Ousted Myanmar leader Suu Kyi faces five new corruption charges

Five new charges against country’s ousted leader involve the hire, purchase and maintenance of a helicopter used by her government.

Aung San Suu Kyi, detained since last February’s military coup, is already being tried on five other corruption charges. Each is punishable by up to 15 years in prison and a fine.

Her supporters and rights groups say the cases against her were contrived by the military to justify its takeover and prevent her from returning to politics.

“No one is above the law. I just want to say that she would be judged according to the law,” government spokesperson Major General Zaw Min Tun said when asked about the matter at a news conference on Friday.
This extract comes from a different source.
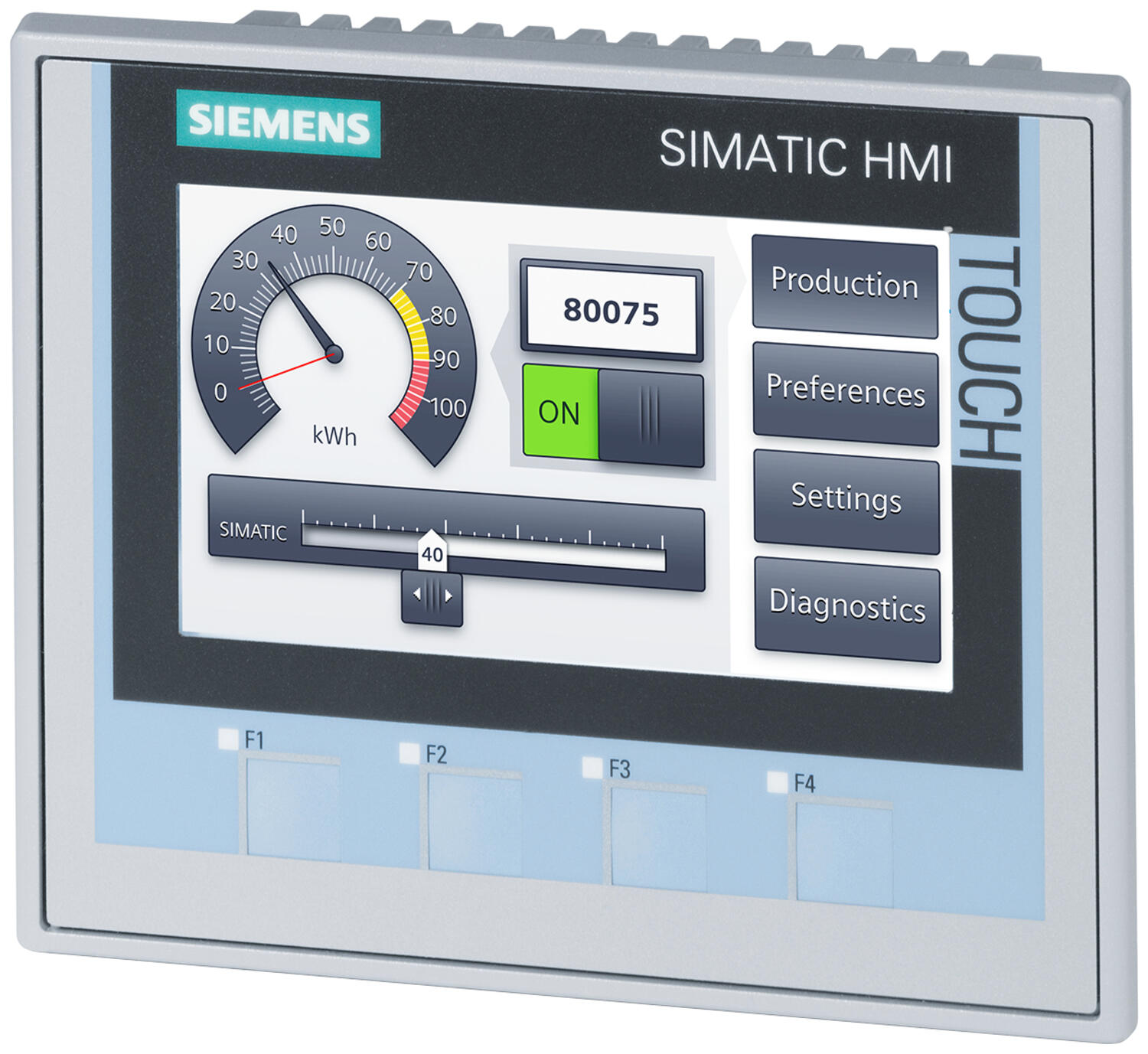 SIMATIC HMI KTP400 Comfort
The military’s seizure of power prevented Aung San Suu Kyi and her National League for Democracy party from beginning a second five-year term in power.

The takeover was met with widespread popular protests, and Myanmar is now roiled by deadly armed resistance to army rule.

According to the Myanmar rights watchdog Assistance Association for Political Prisoners, there have been at least 1,469 people killed and more than 11,500 detained since the February 1 coup last year.

The five new charges involve the hire, purchase and maintenance of a helicopter, said a legal official familiar with the case who spoke on condition of anonymity because he is not authorised to release information.

State media had announced in December that Suu Kyi and Win Myint, who was president in her government, would be prosecuted under the Anti-Corruption Law in connection with hiring a helicopter.

The state-run Global New Light of Myanmar newspaper said the Anti-Corruption Commission found that they abused their power and caused a loss of state funds by neglecting to follow financial regulations in granting permission to then-Social Welfare, Relief and Resettlement Minister Win Myat Aye to rent and buy a helicopter.

Win Myat Aye is now minister of Humanitarian Affairs and Disaster Management in the National Unity Government established as a parallel administration by opponents of army rule. The underground organisation is considered to be illegal by the military.

The other corruption charges for which Suu Kyi is being prosecuted involve alleged bribery and abuse of authority connected to real estate deals.

The military government has said she and colleagues will also be tried for alleged electoral fraud.